Elegance and depth of the Iso-Energy hypothesis: Such a simple statistic — equal mean squared activation across modalities — suffices as a criterion for bimodal concepts and is grounded in a principled generative model. The idea transfers directly to concept extraction in any multi-view or multimodal setting.
"Neutrality as validation" strategy: Demonstrating on synthetic data that the regularizer is inert when the hypothesis does not hold (i.e., it does not fabricate bimodal atoms) is a particularly elegant form of validation that preempts concerns about artificially introduced bias.
Concept-level explanation of the modality gap: The paper elevates a previously purely geometric description (cones, ellipsoidal shells) to the concept level (unimodal atoms = modality biases), reframing the gap not as a bug to be eliminated but as a feature through which the model correctly preserves modality-specific information.
Matching Pursuit SAE: Enforcing \(\ell_0\) sparsity rather than using ReLU or TopK is more consistent with the theoretical assumptions of sparse coding and is transferable to other SAE applications.

Limitations & Future Work¶

The Iso-Energy hypothesis requires exactly equal energy across modalities, but some concepts may inherently be richer in one modality (e.g., color and texture in vision); this asymmetry is not discussed.
Experiments are conducted solely on dual-encoder VLMs and are not extended to single-encoder or encoder-decoder architectures (e.g., LLaVA, Flamingo).
SAE-A requires paired image-text data for training, limiting its applicability to unpaired settings.
Although \(\beta\) is small, it still requires tuning and is not a hyperparameter-free approach.
The binary bimodal/unimodal partition may be overly coarse; in practice, "partially bimodal" concepts may exist.

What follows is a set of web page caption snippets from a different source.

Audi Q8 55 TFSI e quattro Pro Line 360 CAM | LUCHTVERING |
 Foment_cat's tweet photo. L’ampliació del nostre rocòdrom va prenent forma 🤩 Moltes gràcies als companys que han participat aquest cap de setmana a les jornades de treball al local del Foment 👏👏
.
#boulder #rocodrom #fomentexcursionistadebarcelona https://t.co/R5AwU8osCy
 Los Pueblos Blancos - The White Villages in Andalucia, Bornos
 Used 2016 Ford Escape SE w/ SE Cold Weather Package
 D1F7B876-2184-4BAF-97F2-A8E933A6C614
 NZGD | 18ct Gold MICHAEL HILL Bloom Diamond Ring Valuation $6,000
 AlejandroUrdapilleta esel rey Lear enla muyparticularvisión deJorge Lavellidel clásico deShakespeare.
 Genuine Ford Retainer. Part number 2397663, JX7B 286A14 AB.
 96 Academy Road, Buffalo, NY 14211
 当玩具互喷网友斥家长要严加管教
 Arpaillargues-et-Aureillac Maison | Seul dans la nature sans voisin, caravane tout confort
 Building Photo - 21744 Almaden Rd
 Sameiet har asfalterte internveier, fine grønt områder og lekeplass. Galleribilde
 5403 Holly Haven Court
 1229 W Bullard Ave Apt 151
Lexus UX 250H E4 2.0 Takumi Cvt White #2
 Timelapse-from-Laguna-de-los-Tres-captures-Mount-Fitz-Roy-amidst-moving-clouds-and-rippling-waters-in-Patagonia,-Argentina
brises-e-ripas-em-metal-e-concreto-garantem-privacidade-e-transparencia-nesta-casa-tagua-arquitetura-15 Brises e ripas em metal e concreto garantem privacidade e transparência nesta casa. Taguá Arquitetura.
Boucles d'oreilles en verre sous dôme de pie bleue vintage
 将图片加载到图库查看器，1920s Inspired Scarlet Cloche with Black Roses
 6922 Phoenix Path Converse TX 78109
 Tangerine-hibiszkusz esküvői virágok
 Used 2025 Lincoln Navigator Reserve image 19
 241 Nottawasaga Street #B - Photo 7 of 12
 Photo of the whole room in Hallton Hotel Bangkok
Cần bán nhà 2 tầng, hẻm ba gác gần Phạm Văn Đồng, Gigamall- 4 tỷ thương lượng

vs. Liang et al. (2022) on the modality gap: They characterize the geometric phenomenon (cone structure) but find that eliminating the gap harms performance. This paper explains why — the gap arises from unimodal atoms that carry necessary modality-specific information — and shows it can be precisely removed at the concept level.
vs. Schrodi et al. (2025): Their approach of projecting out a small number of canonical directions inadvertently damages bimodal information. SAE-A achieves a correct separation that avoids this collateral damage.
vs. Papadimitriou et al. (2025): They conclude that cross-modal information is carried by idiosyncratic concepts; this paper finds the opposite — it is carried by shared atoms. The discrepancy originates from the identifiability limitations of standard SAEs.
vs. the Platonic Representation Hypothesis (Huh et al. 2024): The Iso-Energy hypothesis can be viewed as an operationalization of that hypothesis: if different models and modalities converge to the same features, the statistics of those features should be consistent across modalities.

Rating¶

Novelty: ⭐⭐⭐⭐⭐ The Iso-Energy hypothesis is concise and elegant; this is the first work to provide a complete concept-level explanation of the modality gap.
Experimental Thoroughness: ⭐⭐⭐⭐ Validation on both synthetic and real data is solid, though non-dual-encoder architectures are absent.
Writing Quality: ⭐⭐⭐⭐⭐ Theoretical motivation is clear, experimental logic is rigorous, and figures are well designed.
Value: ⭐⭐⭐⭐⭐ Significant contribution to VLM interpretability; Aligned SAE has broad application prospects.